'''

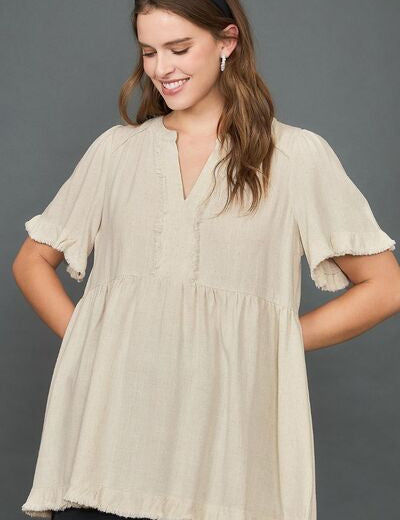 Umgee Full Size Raw Hem Notched Babydoll Linen Blouse Plus Size OATMEAL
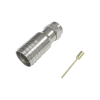 conector f macho en 75 ohm, plegable para instalar en cables coaxiales rg 11, cuerpo de bronce niquelado/ teflón.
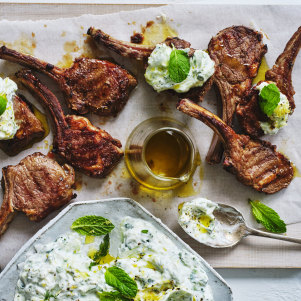 Serve these lamb cutlets with tzatziki (pictured).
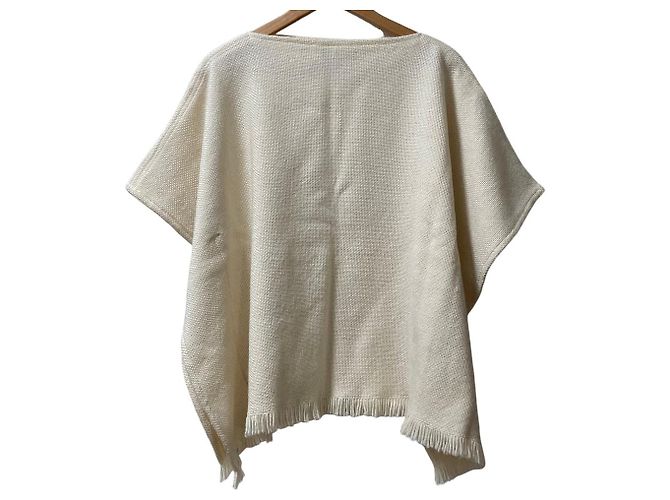 Autre Marque Poncho in lana e bambù con frange Cristaseya - vista 4
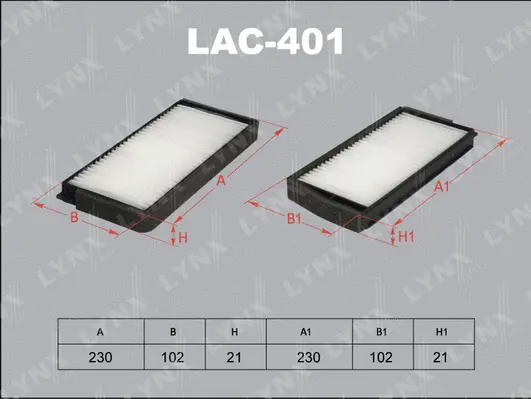 Filter, cabin air (LAC-401)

'''

== WORK REQUIRED ==
Leaving the pictures out, give back each line above exactly.

== RESULT ==
 Umgee Full Size Raw Hem Notched Babydoll Linen Blouse Plus Size OATMEAL
 conector f macho en 75 ohm, plegable para instalar en cables coaxiales rg 11, cuerpo de bronce niquelado/ teflón.
 Serve these lamb cutlets with tzatziki (pictured).
 Autre Marque Poncho in lana e bambù con frange Cristaseya - vista 4
 Filter, cabin air (LAC-401)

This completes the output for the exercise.